In these comparisons, and in series in general, there are a comple of conventions for using infinity in comparison. In these conventions, please remember that infinity is not a number and I don’t do arithmetic with it. These conventions are, non-the-less, useful for stating the comparison theorems. The conventions simply say that for any real number, it is permissible to write \(-\infty \lt \alpha \lt \infty\text{.}\)

Proposition 10.3.1.

(Direct Comparison) Let \(\{a_n\}\) and \(\{b_n\}\) be the terms of two infinite series. Then an inequality of the terms implies an inequality of the series.

\begin{equation*} a_n \leq b_n \ \ \forall n \in \NN \implies \sum_{n=1}^\infty a_n \leq \sum_{n=1}^\infty b_n \end{equation*}

In addition, let \(a_n\) and \(b_n\) be positive for all \(n \in \NN\) (and still assume \(a_n \leq b_n\)).

If \(\sum b_n\) is convergent, since the sum \(\sum a_n\) is smaller, it must also be convergent.
If \(\sum a_n\) is divergent, since the sum \(\sum b_n\) is larger, so it must also be divergent.

Here are some comparison examples using direct comparison.

Example 10.3.2.

\begin{equation*} \sum_{n=3}^\infty \frac{1}{n-2} \end{equation*}

The terms \(\frac{1}{n-2}\) are larger that \(\frac{1}{n}\) and the harmonic series \(\sum \frac{1}{n}\) is divergent, so this series is also divergent.

Example 10.3.3.

\begin{equation*} \sum_{n=1}^\infty \frac{1}{3^n + 4n + 1} \end{equation*}

The terms \(\frac{1}{3^n + 4n + 1}\) are smaller that \(\frac{1}{3^n}\text{.}\) These terms \(\frac{1}{3^n}\) are the terms of a geometric series with common ratio \(\frac{1}{3}\text{,}\) which converges. Therefore, this series converges.

Example 10.3.4.

\begin{equation*} \sum_{n=1}^\infty \frac{n+1}{n^2} \end{equation*}

The terms \(\frac{n+1}{n^2}\) are larger than \(\frac{1}{n}\text{.}\) The latter are the terms of the divergent harmonic series, so this series diverges.

Example 10.3.5.

\begin{equation*} \sum_{n=1}^\infty \frac{2^n}{n!} \end{equation*}

For \(n \geq 4\text{,}\) I can make this comparison.

\begin{equation*} \frac{2^n}{n!} = \frac{2}{1} \frac{2}{2} \frac{2}{3} \ldots \leq \frac{2}{3} \left( \frac{1}{2} \right)^{n-3} = \frac{16}{3} \frac{1}{2^n} \end{equation*}

Therefore, the terms of this series are smaller than the terms of a geometric series with common ratio \(\frac{1}{2}\text{,}\) which converges. Therefore, this series also converges (and converges to \(e^2\text{,}\) as it happens).

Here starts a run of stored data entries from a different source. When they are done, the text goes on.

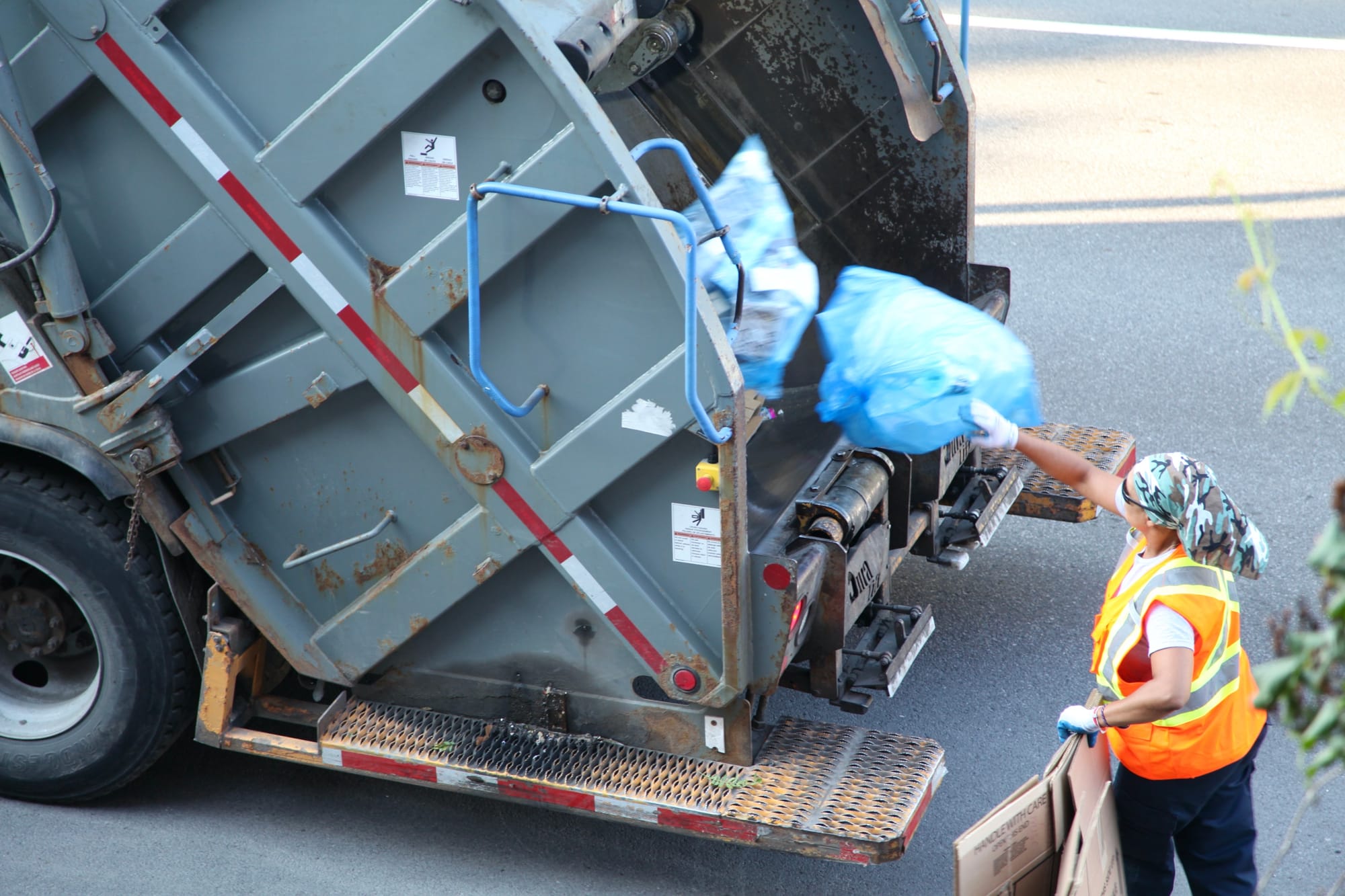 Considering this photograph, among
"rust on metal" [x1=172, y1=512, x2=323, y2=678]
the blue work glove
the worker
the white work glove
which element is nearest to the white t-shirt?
the worker

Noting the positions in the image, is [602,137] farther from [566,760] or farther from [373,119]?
[566,760]

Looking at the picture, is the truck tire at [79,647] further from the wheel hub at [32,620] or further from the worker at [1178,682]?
the worker at [1178,682]

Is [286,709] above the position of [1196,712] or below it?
above

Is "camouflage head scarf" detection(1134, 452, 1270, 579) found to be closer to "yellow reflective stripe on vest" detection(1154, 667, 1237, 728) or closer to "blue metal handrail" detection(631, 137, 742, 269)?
"yellow reflective stripe on vest" detection(1154, 667, 1237, 728)

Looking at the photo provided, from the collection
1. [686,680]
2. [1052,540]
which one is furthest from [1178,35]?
[686,680]

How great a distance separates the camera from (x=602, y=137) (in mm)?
2895

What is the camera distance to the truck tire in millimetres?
3588

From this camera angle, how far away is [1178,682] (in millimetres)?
2848

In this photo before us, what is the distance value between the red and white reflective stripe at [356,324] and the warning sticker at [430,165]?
0.31m

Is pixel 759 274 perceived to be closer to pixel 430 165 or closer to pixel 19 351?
pixel 430 165

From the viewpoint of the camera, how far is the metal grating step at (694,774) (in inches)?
129

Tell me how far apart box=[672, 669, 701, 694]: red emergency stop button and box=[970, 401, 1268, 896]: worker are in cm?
84

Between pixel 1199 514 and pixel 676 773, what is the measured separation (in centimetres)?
140

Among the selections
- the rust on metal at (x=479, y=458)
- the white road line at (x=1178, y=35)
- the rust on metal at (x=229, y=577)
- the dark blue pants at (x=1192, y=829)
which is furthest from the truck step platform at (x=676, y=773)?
the white road line at (x=1178, y=35)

In Example 10.3.5, the comparison \(a_n \leq b_n\) was only true for \(n \geq 4\) instead of all \(n \in \NN\text{.}\) This is typical and perfectly acceptable; for everything involving series other than calculating the exact value, I only need to consider the long term behaviour. For comparison, it is enough that \(a_n \lt b_n\) for all \(n\) past some finite fixed value.

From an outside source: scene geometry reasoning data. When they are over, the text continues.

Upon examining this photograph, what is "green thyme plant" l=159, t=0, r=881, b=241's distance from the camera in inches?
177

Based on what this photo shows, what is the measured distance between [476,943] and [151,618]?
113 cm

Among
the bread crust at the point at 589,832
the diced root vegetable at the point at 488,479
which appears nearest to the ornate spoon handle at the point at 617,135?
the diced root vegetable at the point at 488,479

The second type of comparison is asymptotic comparison. I often prefer using asymptotic comparison because I don’t actually have to calculate the inequalities to apply the comparison.

Proposition 10.3.6.

(Asymptotic Comparison) Let \(a_n,b_n \geq 0\) be the terms of two series. Assume that \(a_n \geq 0\) and \(b)n \geq 0\text{.}\) If \(a_n\) and \(b_n\) have the same asymptotic order (in the variable \(n\)), then the two series

\begin{equation*} \sum_{n=1}^\infty a_n \hspace{1cm} \text{ and } \hspace{1cm} \sum_{n=1}^\infty b_n \end{equation*}

have the same convergence behaviour: either they both converge or they both diverge.

In Example 10.3.2, I could have simply said that \(\frac{1}{n-2}\) is asymptotically the same order as \(\frac{1}{n}\text{.}\) The same is true for \(\frac{n+1}{n^2}\) in Example 10.3.4. I’ll do one new example as well.

Example 10.3.7.

As an example for both asymptotic comparison and conditional convergence, here are three alternating series. They are all convergent by the alternating series test. Comparison to geometric series or a \(\zeta\) series is used to check their absolute convergence.

\begin{equation*} \sum_{n=3}^\infty \frac{(-1)^n}{n^6 + n^4 - 3n - 1} \end{equation*}

This series is absolutely convergent by asymptotic comparison to \(\frac{1}{n^6}\text{.}\)

\begin{equation*} \sum_{n=1}^\infty \frac{(-1)^n \arctan n}{n^2} \end{equation*}

This series is absolutely convergent by asymptotic comparison to \(\frac{1}{n^2}\text{.}\)

\begin{equation*} \sum_{n=2}^\infty \frac{(-1)^n}{\ln n} \end{equation*}

This series is analyzed by asymptotic comparison to \(\frac{1}{\ln n}\text{.}\) This series with terms \(\frac{1}{\ln n}\) satisfies \(\frac{1}{\ln n} \gt \frac{1}{n}\text{,}\) which does that it is divergent by direct comparison. The asymptotic order of \(\frac{(-1)^n}{\ln n}\) is that of a divergent series, so the series with absolute value diverges, meaning that the series is only conditionally convergent.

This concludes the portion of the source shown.